House of Commons photo

Crucial Fact

  • His favourite word was jobs.

Last in Parliament April 1997, as Reform MP for Simcoe Centre (Ontario)

Won his last election, in 1993, with 38% of the vote.

Statements in the House

Pearson International Airport May 1st, 1995

Mr. Speaker, Pearson airport, the current hub of Canada's transportation system, is falling behind the competition in its bid to become North America's gateway to the world. Partisan politics is obscuring the main task at hand. Pearson must prepare for the 21st century and increase its capacity.

Ninety-seven Liberal MPs represent Ontario in the current government; 97 MPs whose constituents would benefit from Pearson emerging as a viable force on the international scene. Yet no solution to the current log jam is in sight.

Why is the government delaying the inevitable? Let us hold an impartial judicial inquiry into the contracting process with a specific deadline. If evidence of wrongdoing is found let us move to punish those responsible. If no evidence of wrongdoing is found let us renew, renegotiate or re-tender the contract.

This is no rocket science but the old saying about safety in numbers obviously does not apply to Ontario's voice in Ottawa.

Budget Implementation Act, 1995 April 26th, 1995

Tell the whole story, do not just give little quotes.

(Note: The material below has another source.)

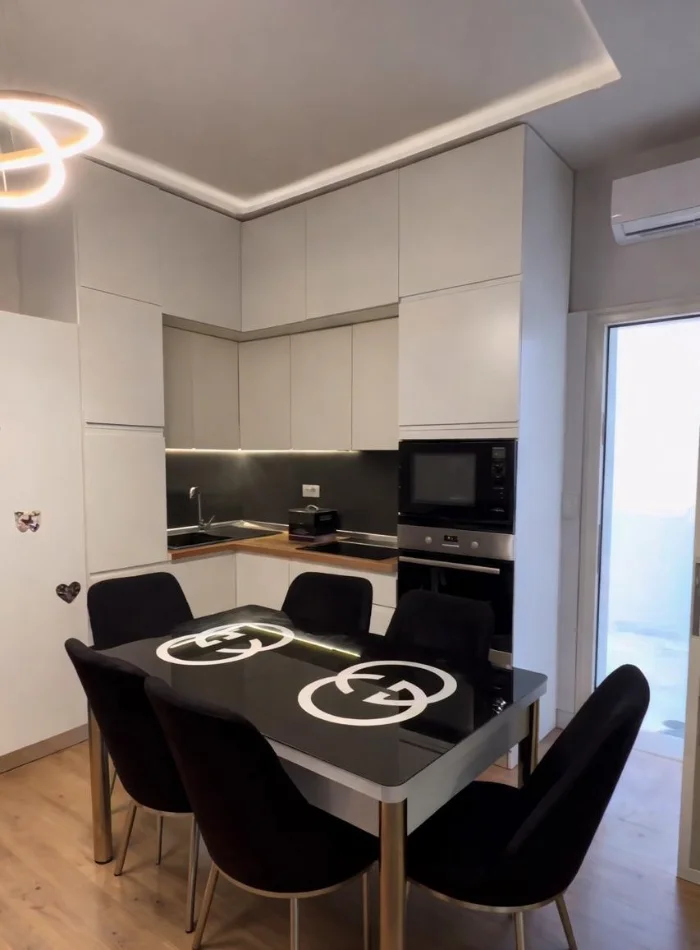 Tirane, jepet me qera apartament 1+1 Kati 0, 60 m² 550 € (Liqeni i thate)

Budget Implementation Act, 1995 April 26th, 1995

What about the GST?

Budget Implementation Act, 1995 April 26th, 1995

Tell us about the pension plan.

Budget Implementation Act, 1995 April 26th, 1995

You have to pay the price. You have to show leadership by example. It was not there, so the budget started off on a very bad note. They just blew all credibility.

Let us talk about the budget. In 1997 the debt will be $650 billion. That is the bottom line. That is an accomplishment? That is reality. That is a fact. Interest rates on it amount to $55 billion to $60 billion. That is reality. That is a fact. We will still be overspending by $25 billion. That is reality. That is an accomplishment? It is a disaster we are going to have to face and deal with.

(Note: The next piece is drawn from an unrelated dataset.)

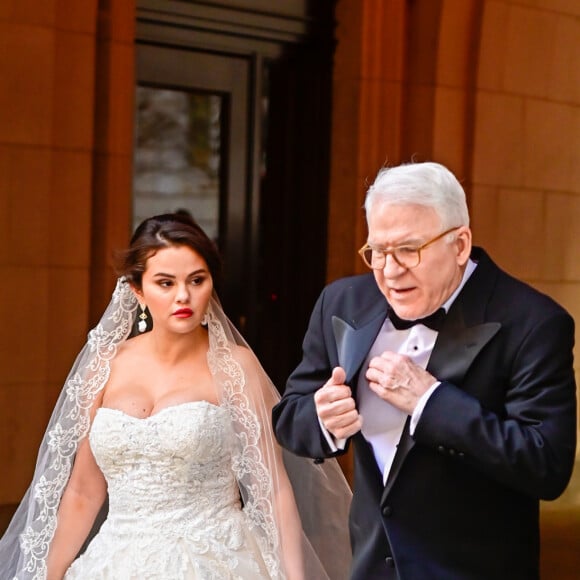 O vestido de noiva usado por Selena Gomez em gravação é romântico e cheio de estilo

The IMF brought out a study this week on growth and the world economy. It showed Canada's growth at 4.3 per cent in 1995 and 2.6 per cent in 1996. Bad news is coming. Are we prepared for it? I suggest not. Just below the growth in the world economy is how Canada's debt stacks up. It is compared to our other trading partners. Canada is the absolute worst and worsening.

Canada has the distinction of being the world's largest offshore debtor. That debt has increased. During the last year the offshore debt has gone from $319 billion to $341 billion. Twenty-eight billion dollars in interest payments flow out of Canada to those countries that have been supporting our lavish lifestyle. It does not do a thing for the economy. We are not in control of our own destiny. That control is in the hands of the people who have been supporting that lavish lifestyle we have been enjoying while we lived beyond our means.

What will be the future costs of the Moody's downgrade? As I suggested at the beginning, it is going to be in the area of millions if not billions of dollars. We cannot say we were not warned. We got a warning shot before the budget. Moody's said: "Your 3 per cent target is far too low and we want you to give us a date when you are going to get to zero". Rolling two-year targets are laughable.

I can see myself going to my bank manager and saying: "I know I am in debt, but will you keep lending me money if I give you a rolling two-year target?" He would throw me out of his office after he had a fit of hysterics.

Several clouds are on the horizon that are not faced in the budget and of course there is what can happen in the United States.

I will close by saying that the situation prompts me to recall buying my first home. The neighbour next door had all the trappings, lovely furnishings. I thought he must be making a lot of money. Reality was the creditors moving in and closing him down because he was doing it with his credit card. That is what we are doing and it could hurt our future generations.

Budget Implementation Act, 1995 April 26th, 1995

The government realized the infrastructure program was not good. It has now been extended supposedly because the municipalities have been asking for it, but that was not stated in the budget.

Unbelievably we reduced tobacco taxes that first year. Here we are with our backs to the wall, in debt up to our eyeballs and we gave away what was admitted at the time to be about $300 million. The government did not understand the seriousness of the problem. We gave away $300 million. That does not even begin to touch the health costs implicit in encouraging people to start smoking again by reducing the taxes.

However it was not $300 million. It cost the Canadian taxpayers $850 million in an attempt to drive the bad guys away. "We are only going to do this until the bad guys disappear, then we are going to put the tax back". The Liberals were dreaming in technicolour at a time when they should not have been dreaming, they should have been facing reality.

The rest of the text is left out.